Les effectifs diminuent au fil des départs non remplacés. La charge de travail de ceux qui restent augmente, tandis que certaines tâches comme la maintenance sont sous-traitées ou en voie de l'être. La goutte d'eau qui a fait déborder le vase est le remplacement d'une démission par un intérimaire. En apprenant que la direction refusait de transformer le contrat en CDI, les ouvriers de la production ont cessé immédiatement le travail à l'appel des syndicats CGT et CFDT.

Jeudi 5 avril, le directeur de Cargill France se déplaçait de Paris pour rencontrer les délégués en " terrain neutre ", à la mairie...

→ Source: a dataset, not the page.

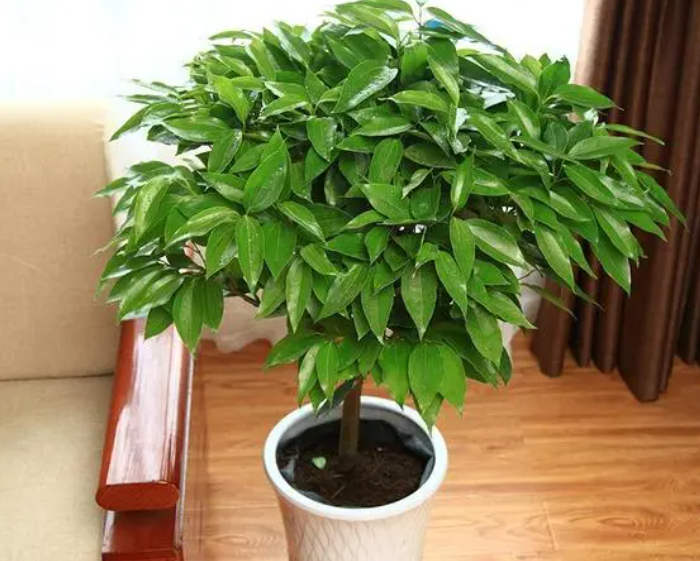 平安树扦插多长时间生根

Sur la suppression de poste à l'origine de la grève, la direction n'a cédé qu'en partie : ce poste qui était un CDI sera remplacé par un CDD de 18 mois, au lieu d'un intérimaire comme prévu initialement, et les retenues de salaires pour la grève seront étalées.

Sur le reste des revendications, la direction ne veut pas " discuter avec des grévistes ", c'est contre ses principes ! Elle a demandé l'arrêt de la grève pour lancer les négociations, notamment sur les salaires. Vendredi matin 6 avril, les grévistes ont finalement voté la reprise du travail pour le lendemain samedi, en prévenant que, si les autres revendications n'étaient pas rapidement satisfaites, ils étaient prêts à remettre ça.

Le directeur national a pu constater le mécontentement quand il a finalement rendu visite aux entrepôts : chacun a pu lui dire son fait, et il a avoué qu'il n'imaginait pas que la mobilisation était aussi large. D'ailleurs, vendredi 6 avril, deux autres sites du groupe ont également débrayé, dans le Finistère et dans la Manche.

Alors, même si le travail reprend, les grévistes sont fiers de cette mobilisation qui a resserré les liens entre tous.